• Stored records:
___

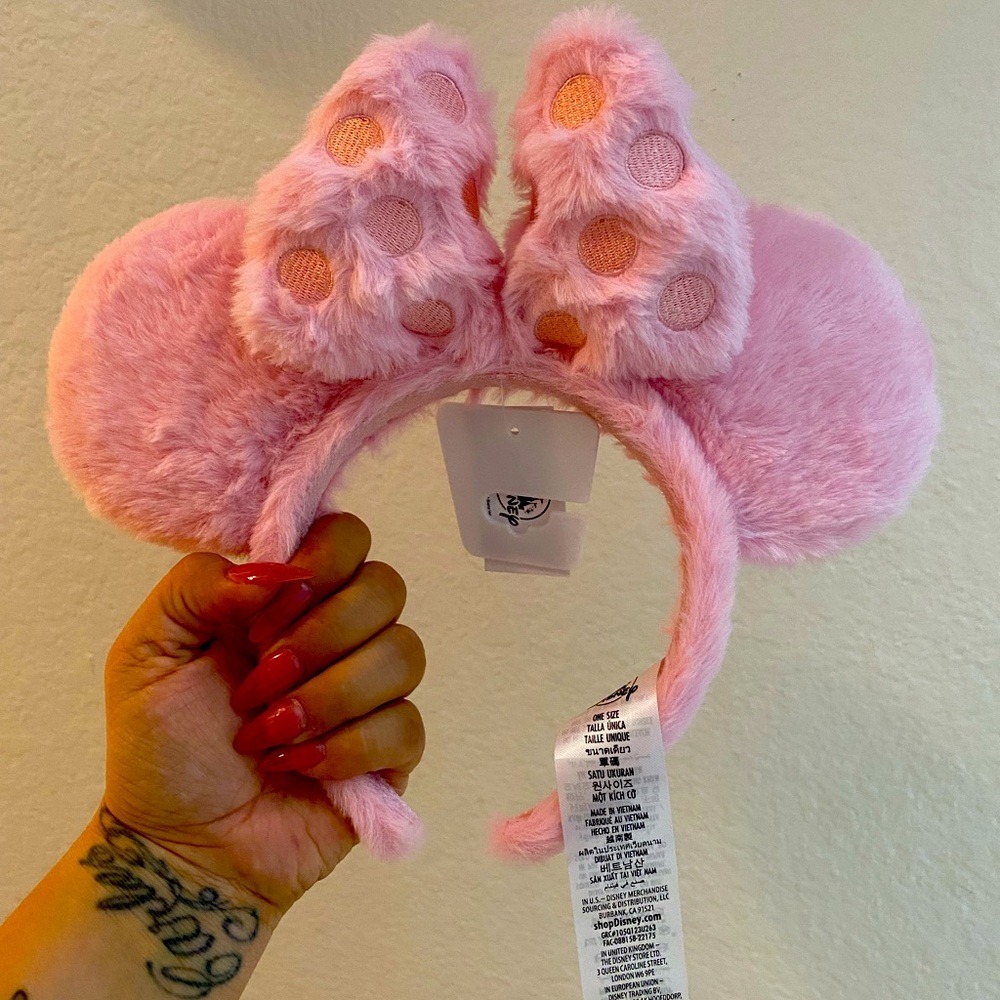 Brand new fluffy Minnie ears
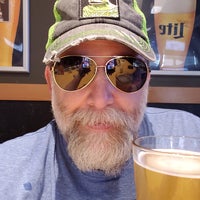 Photo taken at Buffalo Wild Wings by Roger C. A. on 5/6/2021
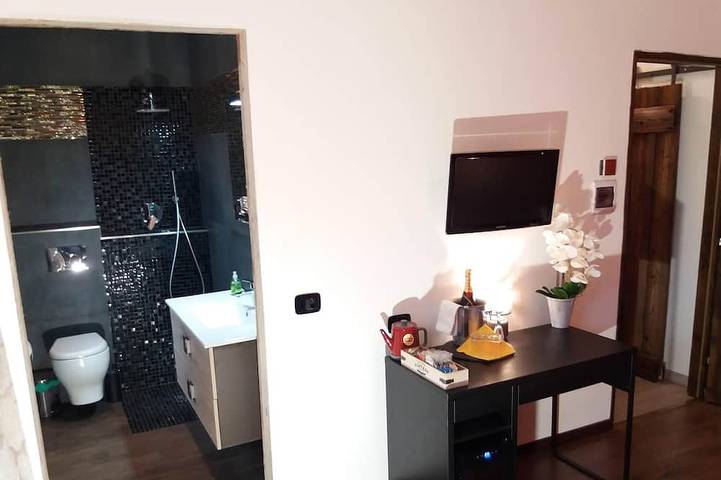 Location de vacances pour 3 personnes, avec jardin à Dubino - 3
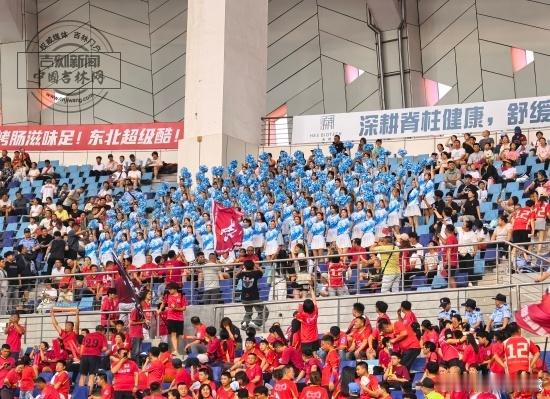 东北超四强名单随着首届东北地区城市足球联赛常规赛全部赛程落下帷幕，本届东北超季后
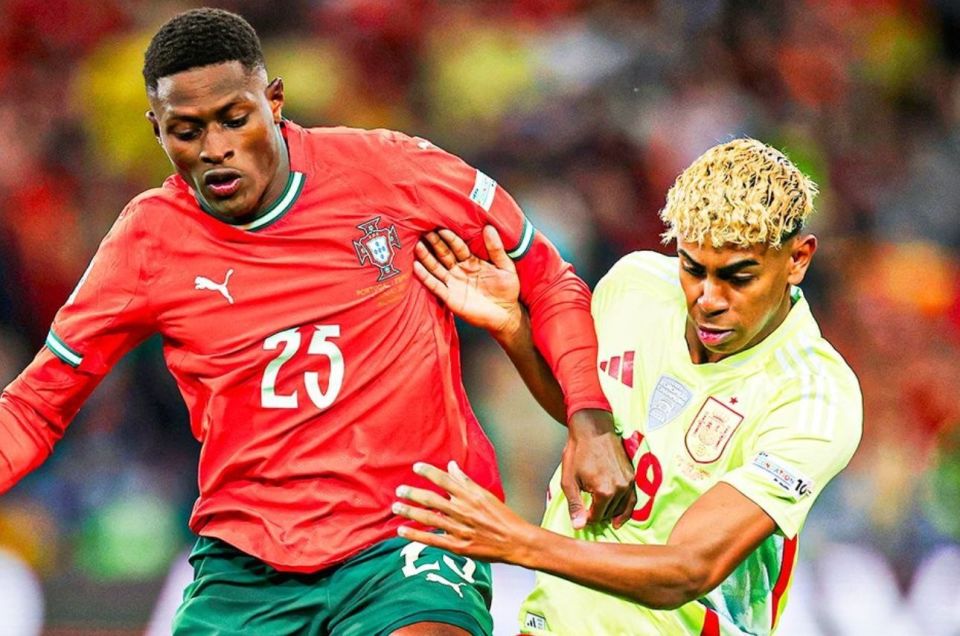 杰伦·约翰逊砍本赛季第二次三双，20年特雷·杨后老鹰首人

___

• Work item: Having removed the pictures, write out the records exactly as they stand.

• Response to the task:
 Brand new fluffy Minnie ears
 Photo taken at Buffalo Wild Wings by Roger C. A. on 5/6/2021
 Location de vacances pour 3 personnes, avec jardin à Dubino - 3
 东北超四强名单随着首届东北地区城市足球联赛常规赛全部赛程落下帷幕，本届东北超季后
 杰伦·约翰逊砍本赛季第二次三双，20年特雷·杨后老鹰首人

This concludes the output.